■ Task material
★ ★ ★ ★

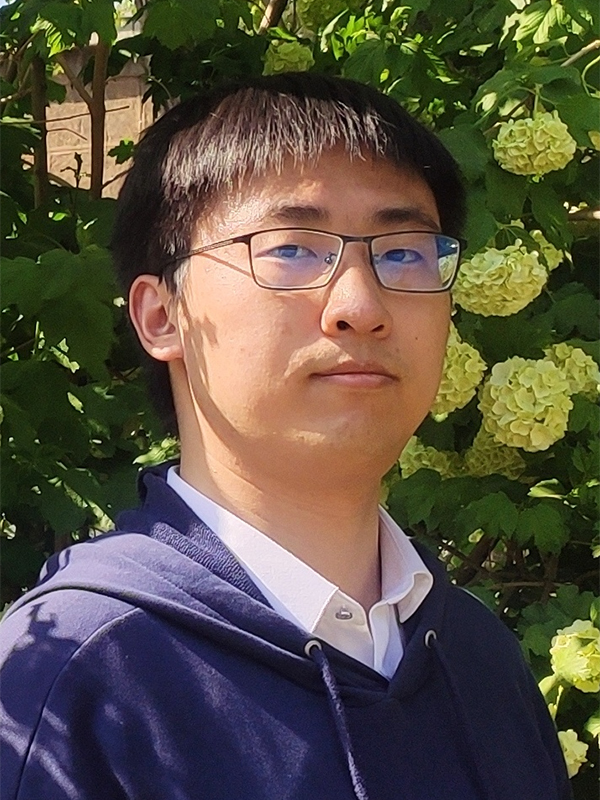 Portrait of Zihao Ye on a sunny day posing in front of pale green hydrangeas with deep green foliage.
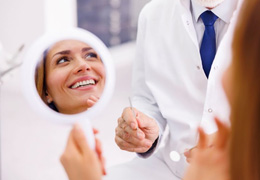 Dental patient holding mirror, looking at her dentist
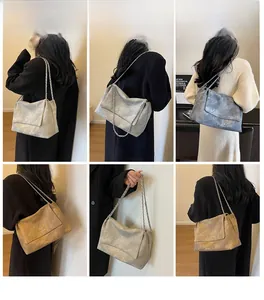Detail view of large chain tote bags with marble texture and silver hardware in three colors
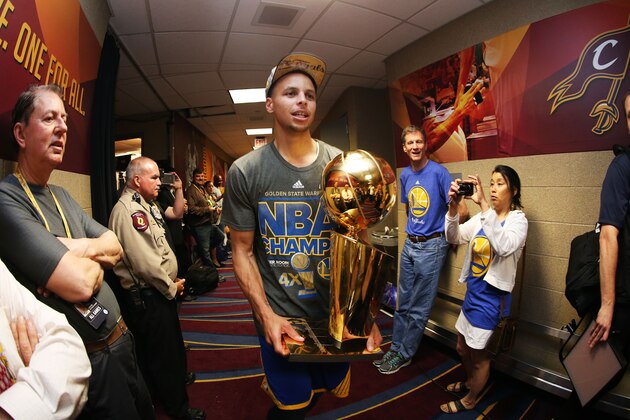 CLEVELAND, OH - JUNE 16:  Stephen Curry #30 of the Golden State Warriors celebrates with the Larry O'Brien NBA Championship Trophy after defeating the Cleveland Cavaliers in Game Six of the 2015 NBA Finals at Quicken Loans Arena on June 16, 2015 in Cleveland, Ohio. NOTE TO USER: User expressly acknowledges and agrees that, by downloading and or using this photograph, user is consenting to the terms and conditions of Getty Images License Agreement.  (Photo by Ezra Shaw/Getty Images)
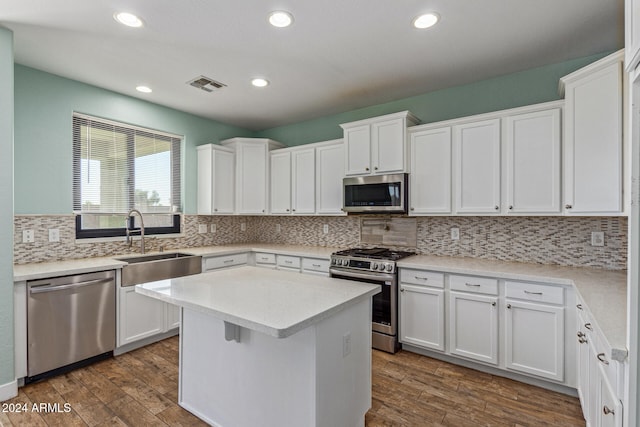 kitchen featuring dark wood-type flooring, white cabinetry, decorative backsplash, and stainless steel appliances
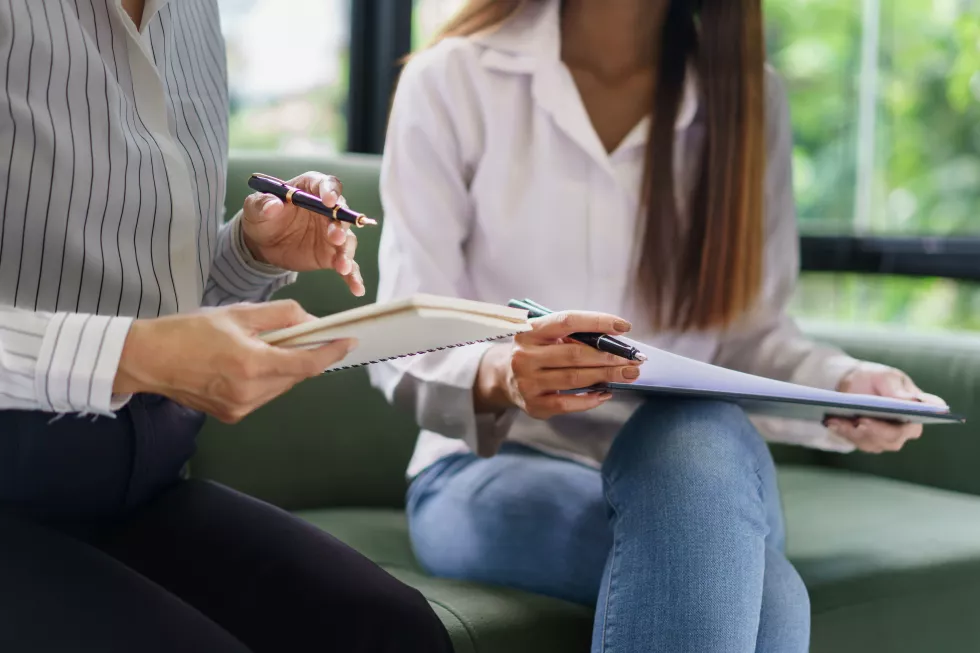coworker-business-concept-two-businesswoman-discussing-about-chart-financial-taking-notes-data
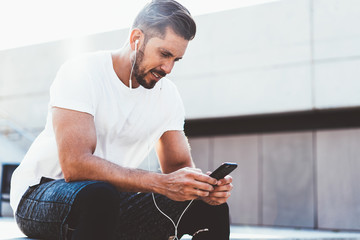 Bearded Caucasian male jogger dressed in stylish sportswear reading received message about success in cardio training connected to 4g wireless on mobile phone, concept of healthy lifestyle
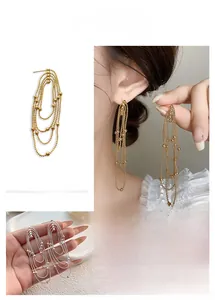 Detailed layered tassel drop earrings with sparkling geometric chain drapes in gold and silver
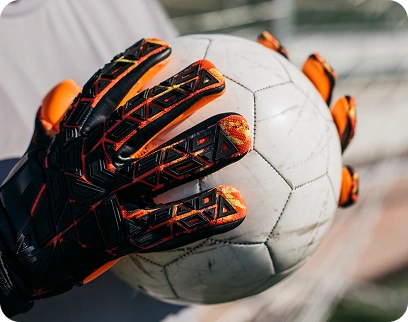 Luva de guarda-redes a segurar firmemente uma bola de futebol, mostrando a textura antiderrapante e detalhes de design em laranja e preto.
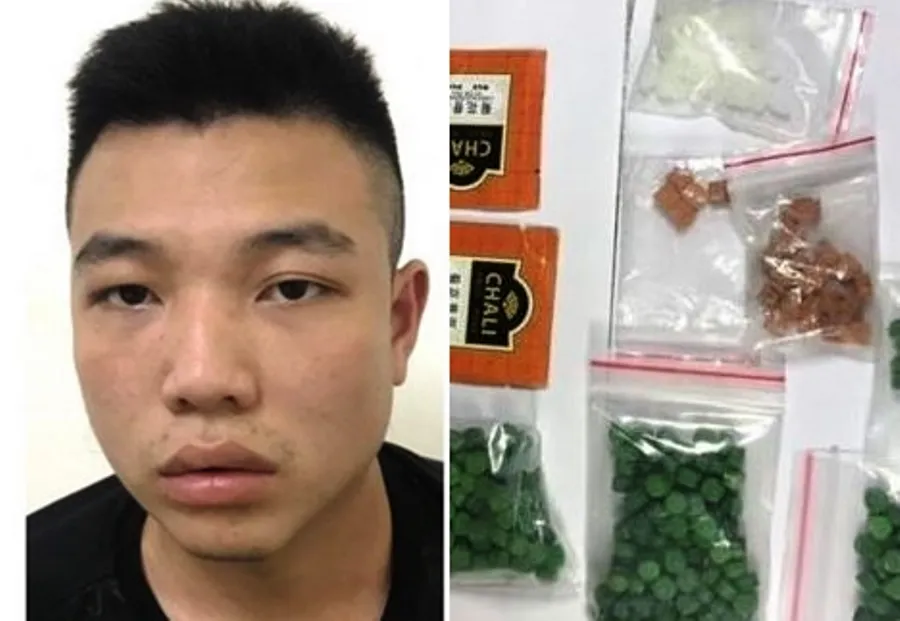 Nghi phạm Nguyễn Tấn Thanh cùng một số tang vật vụ án. Ảnh: H.H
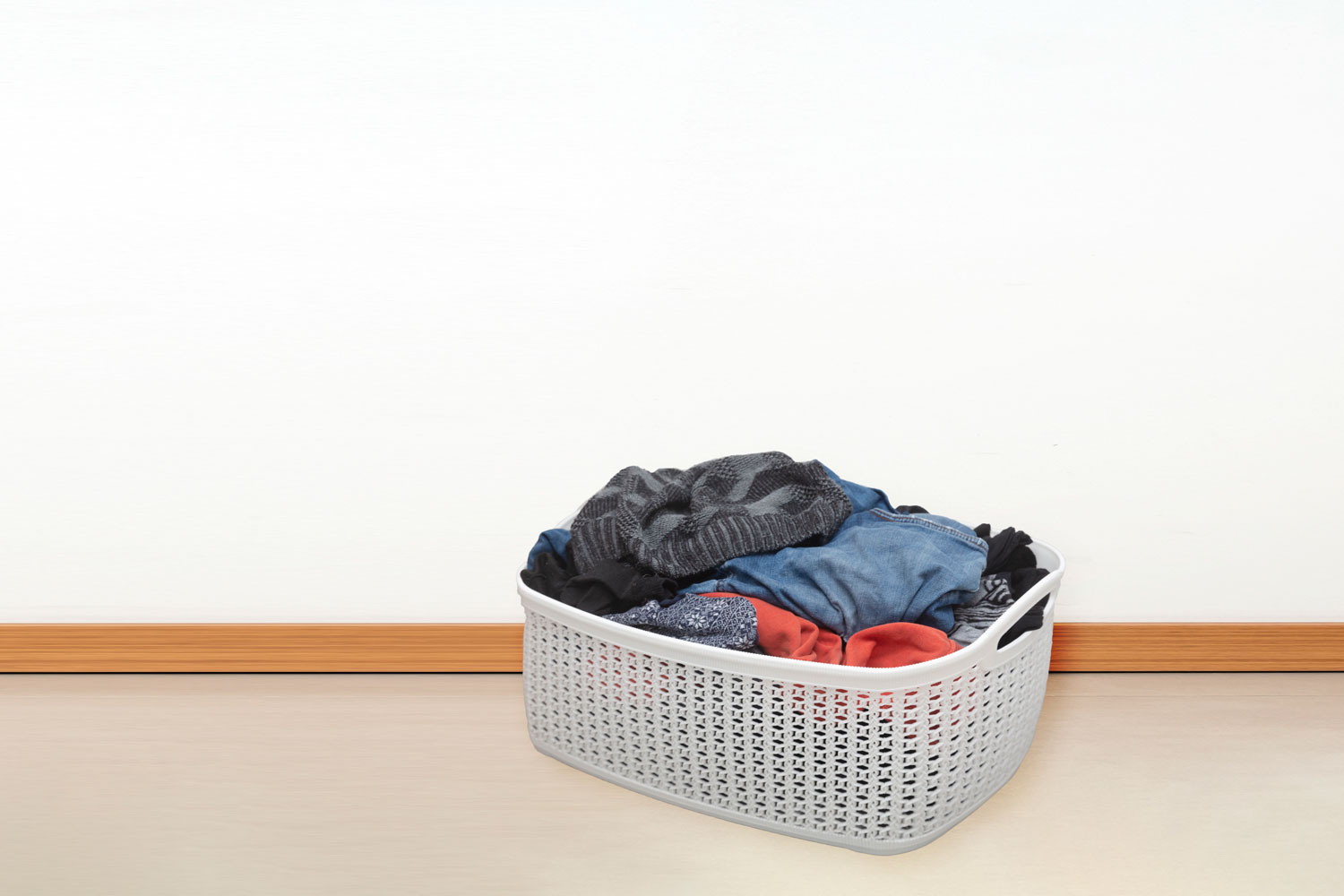 A small laundry basket placed on the side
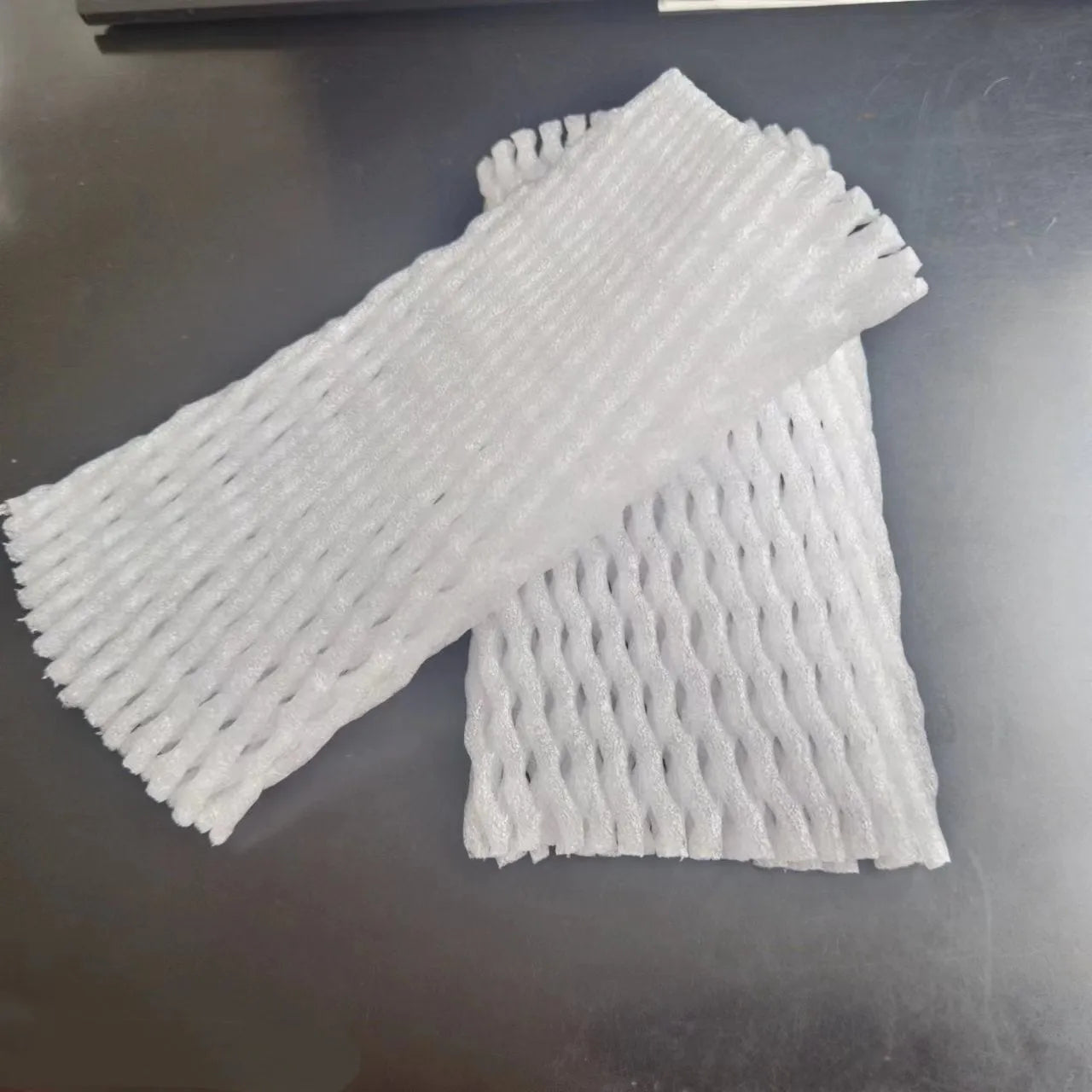 White foam and elastic net protective case for fruits, shown with size options for apples and pears.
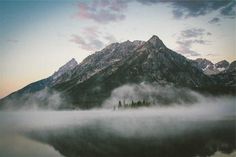 the mountains are covered in clouds and mist as the sun sets over them on a lake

★ ★ ★ ★

■ What to do
Without the pictures, set down the lines above from the line with "Bearded Caucasian male" up to and including the line with "Detailed layered tassel" exactly as they stand.

■ Finished task
 Bearded Caucasian male jogger dressed in stylish sportswear reading received message about success in cardio training connected to 4g wireless on mobile phone, concept of healthy lifestyle
 Detailed layered tassel drop earrings with sparkling geometric chain drapes in gold and silver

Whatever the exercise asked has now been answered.